Up until a few hundred years ago, the common viewpoint of the North Atlantic world was basically Christian. Most people could not even consider a viewpoint without God. The culture has changed so that multiple viewpoints are now conceivable to most people. This change is accomplished through three major facets of Deism: one, an anthropocentric shift in now conceiving of Nature as primarily for people; two, the idea that God relates to us primarily through an impersonal order that He established; and three, the idea that religion is to be understood from Nature by reason alone. Deism is considered the major intermediate step between the previous age of belief in God and the modern secular age. Three modes of secularity are distinguished: one, secularized public spaces; two, the decline of belief and practice; and three, cultural conditions where unbelief in religion is a viable option. This text focuses on secularity three.

In his previous work, Sources of the Self: The Making of Modern Identity, Taylor focused on the developments which led to the identity of modern individuals in the West. This work focuses on the developments which led to modern social structures. The content of Sources of the Self is complementary to A Secular Age. Taylor discussed the political implications of A Secular Age in an interview with The Utopian.

==Outline==
===Preface/Introduction===
In his book, Taylor explores the concept of 'secularization' in the modern West and its relationship to religion, examining the different kinds of lived experiences involved in understanding one's life as a believer or unbeliever. He emphasizes that belief and unbelief are not rival theories, but different ways of experiencing life, and that both are reflective and contextualized. For believers, fullness is found in God, while for unbelievers, it is found in reason, nature, or inner depths. In the middle condition, daily activities between these extremes, meaning is created.

===Part I: The Work of Reform===
Taylor rejects the "subtraction" theory of secularization: that religion has been 'subtracted' (ie removed) from society. Rather, he argues that a movement of Reform in Christianity, which aimed to raise everyone up to the highest levels of religious devotion and practice, caused the move to secularization. This led to a disciplinary society that started to take action against rowdiness and indiscipline. The success of the project encouraged an anthropocentrism that opened the gates for a godless humanism. Taylor sees "three important forms of social self-understanding": the economy, the public sphere, and the practices and outlooks of democratic self-rule. Both the economy and the public sphere are conceived as existing independent of the political power.

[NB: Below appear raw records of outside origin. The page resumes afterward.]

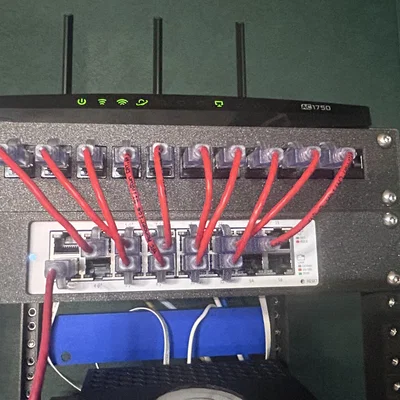 Giá đỡ rack nửa 10 inch cho Ubiquiti Switch Lite 16 PoE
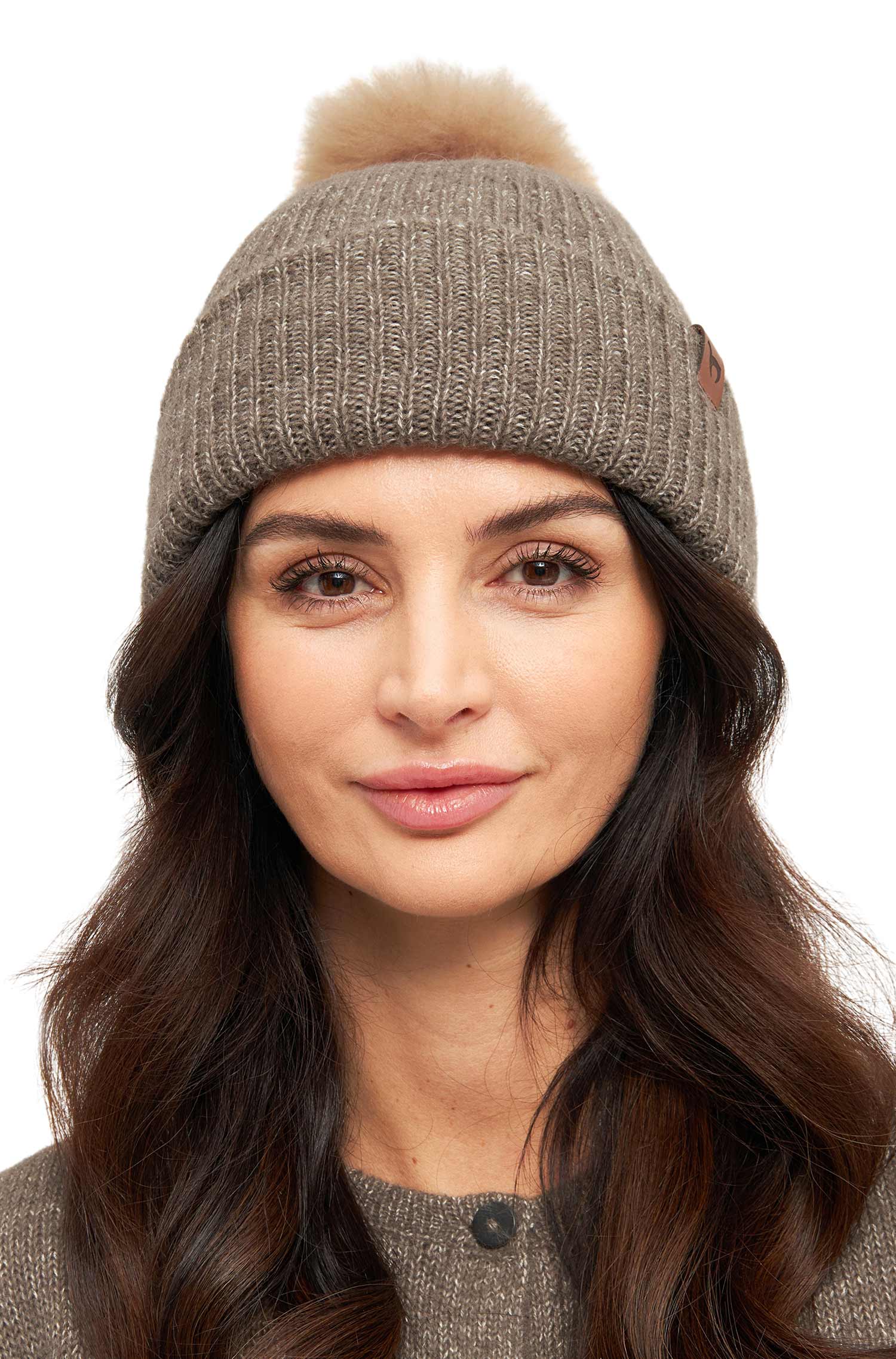 Paca mit Bommel – Bild 8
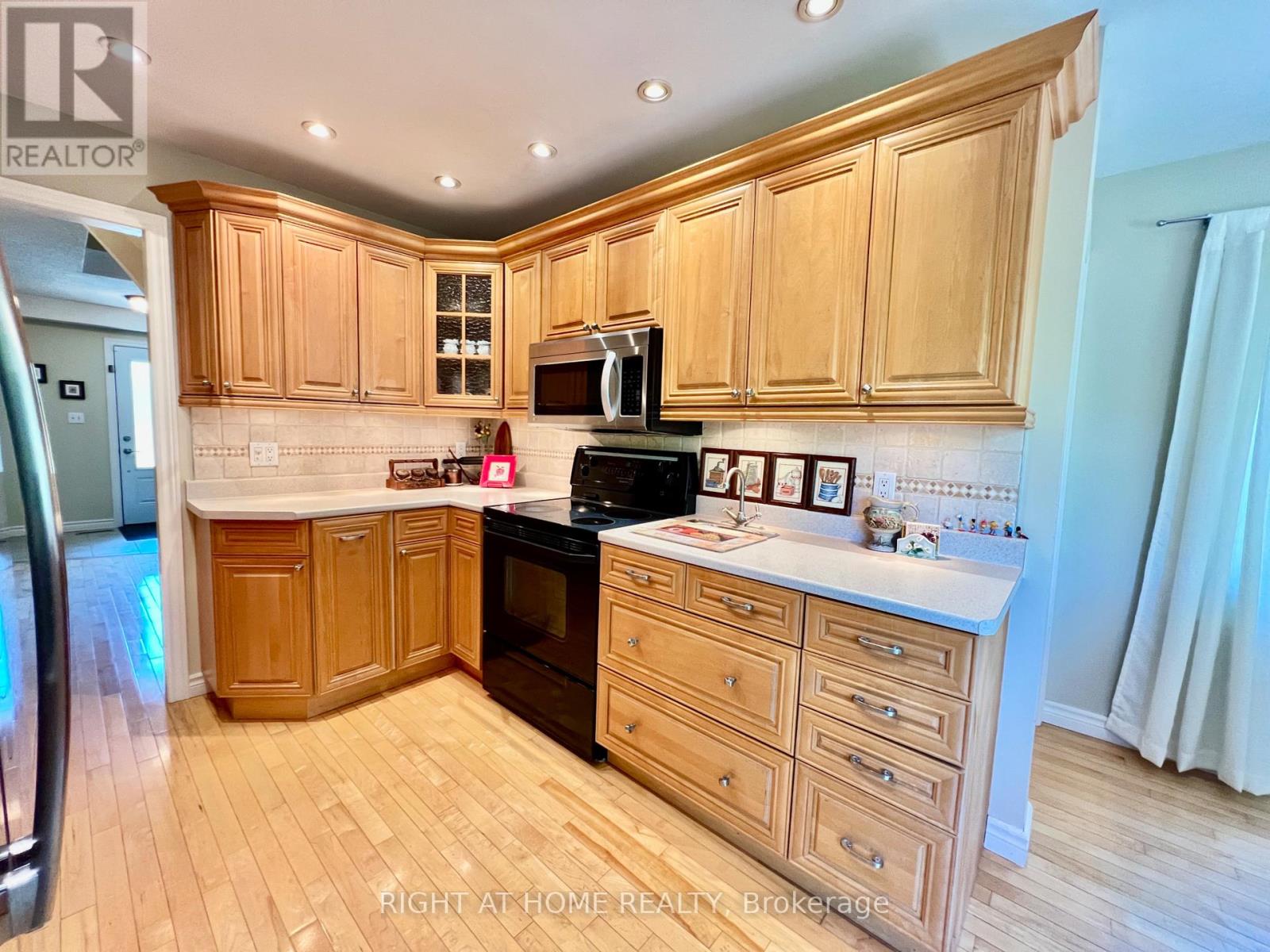 4 Silverbirch Place, Whitby, Ontario  L1R 1X7 - Photo 16 - E13050786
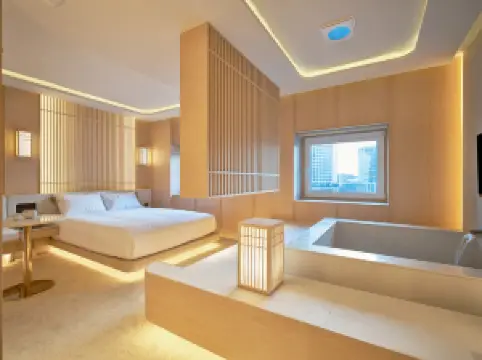 ยูเอช คอนติเนนทัล เซ็นเตอร์พอยต์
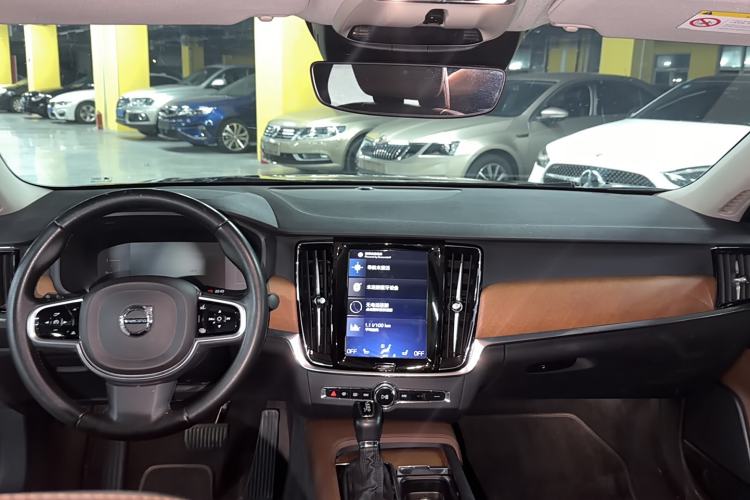 Used Volvo S90 2019 T5 Zhiyi Edition
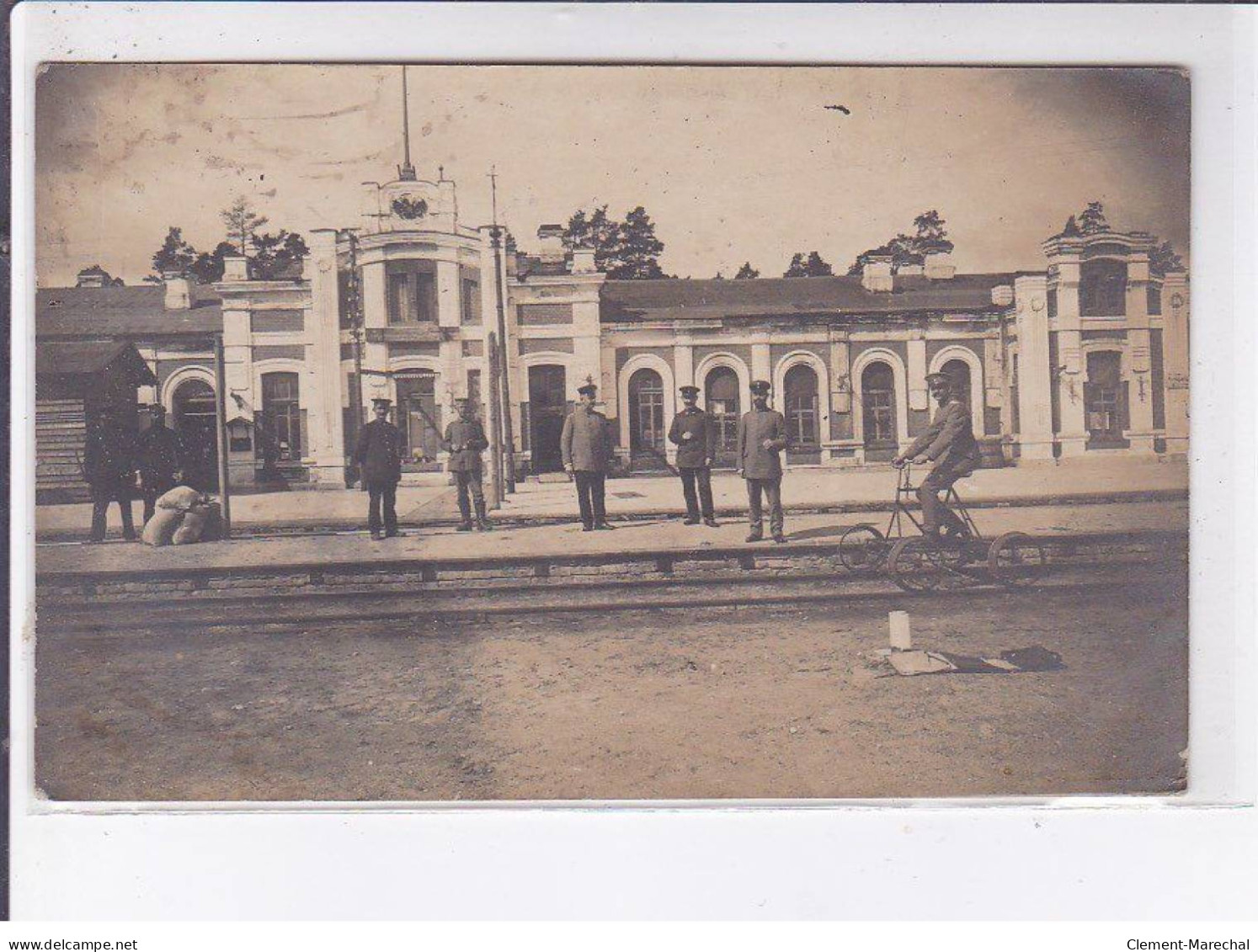 ALLEMAGNE(?): Chemin De Fer, Militaires - Très Bon état - Gares - Sans Trains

===Part II: The Turning Point===
The program of Reform created a distance between humans and God, leading to the rise of exclusive humanism and a move away from traditional religion. The changing understanding of God in recent centuries is more complicated than just a move to an indifferent universe, and the motive force behind the Enlightenment's use of reason and science was reformed Christianity. The new epistemic predicament led to a shift towards exploring impersonal orders with disengaged reason and forming societies under the normative provisions of the Modern Moral Order, which represents a significant change in horizon.

===Part III: The Nova Effect===

Taylor outlines three stages of this shift: first, a move away from Christianity; second, a period of diversification that resulted in the rejection of humanism; and third, a move toward a culture of "authenticity" and "expressive individualism." Taylor notes that the secular age creates cross pressures, leading to the loss of heroism and a feeling of malaise. The belief in an impersonal universe arose from the advances in science and the new cosmic concept that promoted a materialist view of the world. Taylor also examines the impact of art and the emergence of a creative art that needs to establish its own reference points. He argues that this art creates a space for the spiritual and the deep for the unbeliever. Finally, Taylor notes the emergence of a new secular morality that places an emphasis on humanism, altruism, and duty, which created a rebellion among the younger generation at the end of the 19th century. This movement was shattered in World War I. Many went into the war celebrating the opportunity for "heroism and dedication" only to be "sent wholesale to death in a long, mechanized slaughter." (p. 417)

===Part IV: Narratives of Secularization===
==== The Age of Mobilization ====

Taylor challenges the notion of secularization by proposing an age of mobilization from 1800 to 1960 where religion evolved and recruited people on a large scale. The new forms of religion organized and inspired intense loyalty among people, and churches played a central role in people's lives. In France, the Church organized lay people in new bodies (e.g. Catholic Action), while in the Anglophone world, denominations like Methodists helped people cope with the market economy.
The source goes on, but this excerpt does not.